_Exercise instructions_.
Repeat back every line of the data, exactly.

Provided data Block Start

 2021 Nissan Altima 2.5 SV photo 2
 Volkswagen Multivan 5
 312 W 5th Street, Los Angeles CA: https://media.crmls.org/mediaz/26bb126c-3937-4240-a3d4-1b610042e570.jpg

Provided data Block End

_Exercise output_.
 2021 Nissan Altima 2.5 SV photo 2
 Volkswagen Multivan 5
 312 W 5th Street, Los Angeles CA: https://media.crmls.org/mediaz/26bb126c-3937-4240-a3d4-1b610042e570.jpg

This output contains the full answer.